The ICC has since been extended for use in a variety of settings. Bartko5 proposed using a two-way ANOVA model to account for rater effects, which can be either fixed (for a finite set of raters) or random (useful when the raters are selected from a larger pool). The model can also be extended to accommodate replicated measurements and/or subject by rater interactions. Different versions of the ICC have been defined for each of these varying ANOVA models. Shrout and Fleiss6 provide a useful discussion of the different forms of the ICC (see also McGraw and Wong7,8).

Finally, the concordance correlation coefficient (CCC) proposed by Lin9 is designed to assess the agreement between two measures without assuming an underlying ANOVA model. The CCC is defined as

$$ {\text{CCC}} = \frac{{2\sigma_{1} \sigma_{2} }}{{\sigma_{1}^{2} + \sigma_{2}^{2} + \left( {\mu_{1} - \mu_{2} } \right)^{2} }} \cdot \rho = C_{\text{b}} \cdot \rho, $$

where μ j and σ 2 j are the mean and variance of the jth test. Note that C b depends, in part, on the “bias” when the interest is to estimate the difference between the means of the two tests, i.e, μ 1 − μ 2. C b is also referred to as the “bias correction factor.”9 The CCC can thus be conceptualized as the product of a measure of consistency (i.e., Pearson’s correlation coefficient) and a measure of bias. That is, the CCC quantifies not only how closely observations fall on the regression line (through ρ), but also how close that regression line is to the 45° line of perfect agreement (via C b).

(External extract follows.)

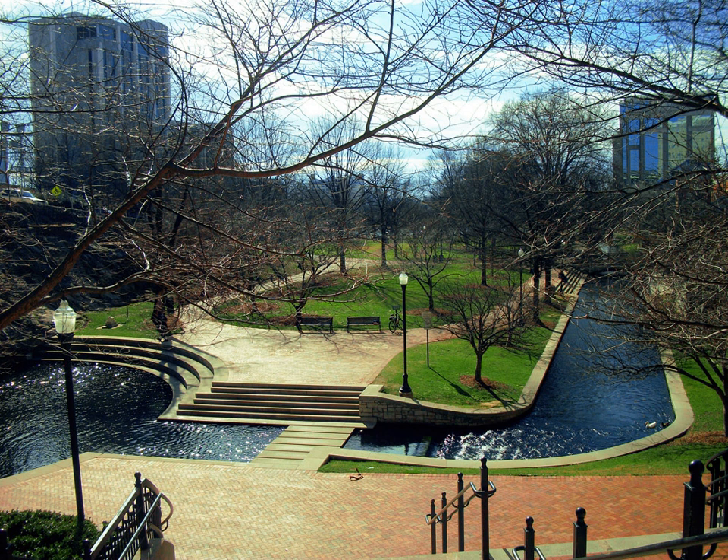An extensive collection of parks and greenways exists in Huntsville, Alabama for the public's recreational use. The city of Huntsville currently has 57 parks which cover over 3,000 acres of land.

Note that if one of the tests is a reference or “gold standard,” then the bias is based on the difference between the new test’s result and the “true value” of the quantity being measured, and hence a measure of accuracy.10 For these cases, the CCC can be said to measure accuracy as well as consistency. But when neither test is a gold standard, it is not appropriate to state that CCC also provides a measure of accuracy.

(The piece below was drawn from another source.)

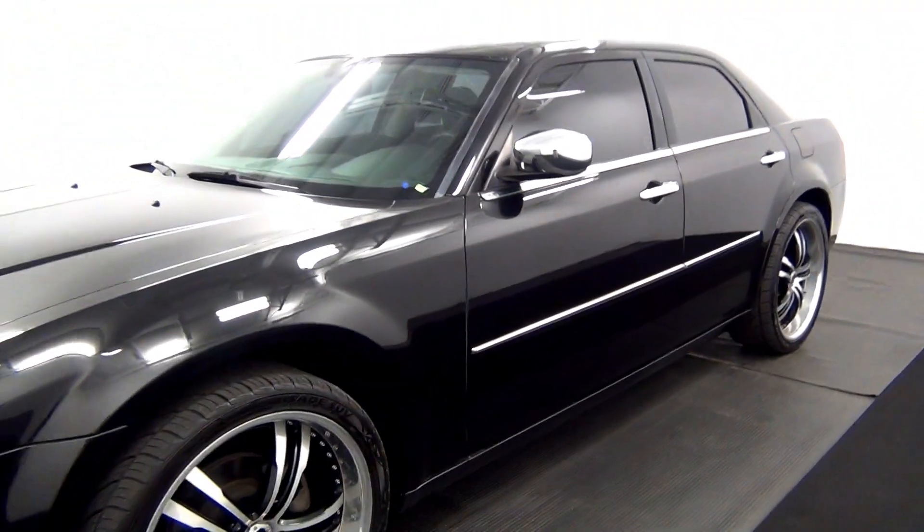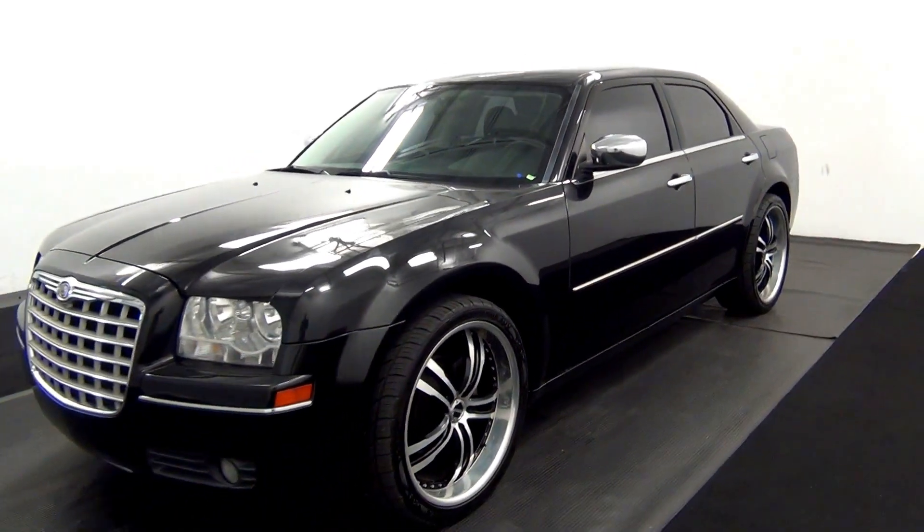Now we're going to walk around the Chrysler 300 2010 and start the walk-around.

As with the ICC, the CCC can be modified to handle replications or repeated measurements.11-13 Carrasco and Jover14 have shown that, in the case of no replications, the CCC is identical to an ICC defined using a two-way ANOVA model rather than a one-way ANOVA (see also Nickerson15). A detailed accounting of how the different versions of the CCC and ICC may be found in Chen and Barnhart.12,13,16

Scatterplots of simulated data based on two scenarios are displayed in Figure 2 to further illustrate the differences among these correlations. For the first scenario (see Figure 2A), the fitted regression line (solid red) falls close to the 45° line (dashed black), demonstrating that the tests tend to give similar results. The Pearson correlation coefficient (ρ), ICC, and CCC are all large, further indicating good agreement. The second scenario (see Figure 2B) shows that results from Test 2 are consistently greater than results for Test 1. The ICC and CCC are decreased, indicating poor agreement. The Pearson correlation coefficient is unchanged, as it is unable to detect this departure from the 45° line.

Figure 2
figure 2

Scatterplots and correlation values for two tests

In their paper, Dunet et al1 use both Bland and Altman’s limits of agreement and Lin’s concordance correlation coefficient to assess the agreement between software packages. These two methods provide complementary pieces of information. The limits of agreement are useful for determining, when test results differ, whether those differences are likely to be clinically significant; use of the CCC yields a concise summary of the consistency and bias.